Wednesday, 26 July 2017

And the LORD said to me, “Throw it to the potter”—the handsome price at which they valued me! So I took the thirty pieces of silver and threw them to the potter at the house of the LORD. – Zechariah 11:13


Today’s Scripture Reading (July 26, 2017): Zechariah 11

I am a bargain hunter. Okay, not really. I hate shopping (unless it is for books – it is dangerous to leave me in a used bookstore for very long.) I don’t hunt for bargains. Maybe I am just cheap. I don’t easily part with my money.

It is the tension of modern society. We want to pay the least for things that we consume while being paid the most for the jobs that we do. When you stop to think about that, it is counter intuitive. We can’t have it both ways. And if we are honest, we most often feel that the reverse is what is true in our lives. We pay the top price for the things that we buy while receiving only the least that someone can possibly give us as our wage for the things that we do. As a result, we never feel that we can ever get ahead financially.

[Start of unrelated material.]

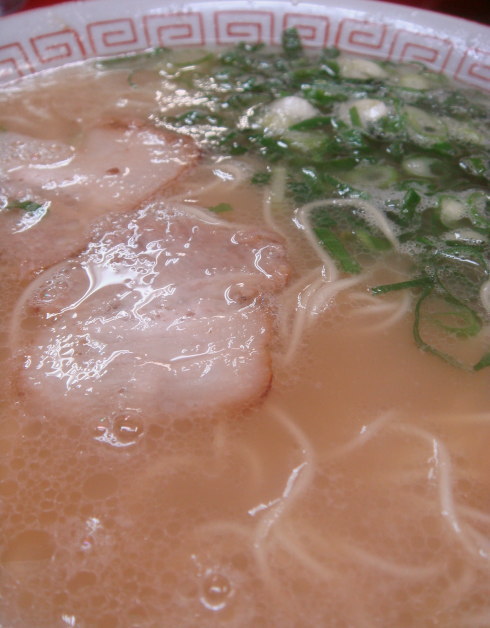 大ちゃんラーメン@野間21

There is sarcasm in this passage that we miss. The “handsome price” of thirty pieces of silver was the minimum price at which a human life could be valued. Zechariah is not proud of the price that was paid – it simply could not have been any lower. Thirty pieces of silver was the price of a slave. It was the least that could be paid for a human life. The phrase “thirty pieces of silver” catches our imaginations. As Christians, we see in this passage in Zechariah the story of Judas betrayal of Jesus. Jesus was sold for the minimum price. The God of the Heavens and the Earth was sold for the price of a slave.

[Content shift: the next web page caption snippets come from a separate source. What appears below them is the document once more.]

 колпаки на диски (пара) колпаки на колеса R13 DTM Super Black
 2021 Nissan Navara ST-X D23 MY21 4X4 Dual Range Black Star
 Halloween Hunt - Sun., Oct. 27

The apostle Matthew appears to quote from this passage, except that he doesn’t name Zechariah, but instead says that it is from the prophet Jeremiah. “Then what was spoken by Jeremiah the prophet was fulfilled: ‘They took the thirty pieces of silver, the price set on him by the people of Israel, and they used them to buy the potter’s field, as the Lord commanded me’ (Matthew 27:9-10). Scholars have argued for three possible answers to the discrepancy. Maybe this is a copyist error, and at some point, someone who copied the original document of Matthew accidentally substituted Jeremiah for Zechariah. Or it is possible that Zechariah was quoting an unknown teaching of Jeremiah as he tells this story (Zechariah prophesied approximately sixty-five years after Jeremiah). But what makes the most sense is that the book of Zechariah was originally included in the scroll of Jeremiah. So Matthew essentially acknowledges the major author of the scroll on which the prophecy is found, even though the quote came from Zechariah.

But whatever the reason for the discrepancy, we are left with the uncomfortable truth that the price that was paid for Jesus was the absolute minimum. We struck a bargain – and it is a bargain of which I hope that we are not proud.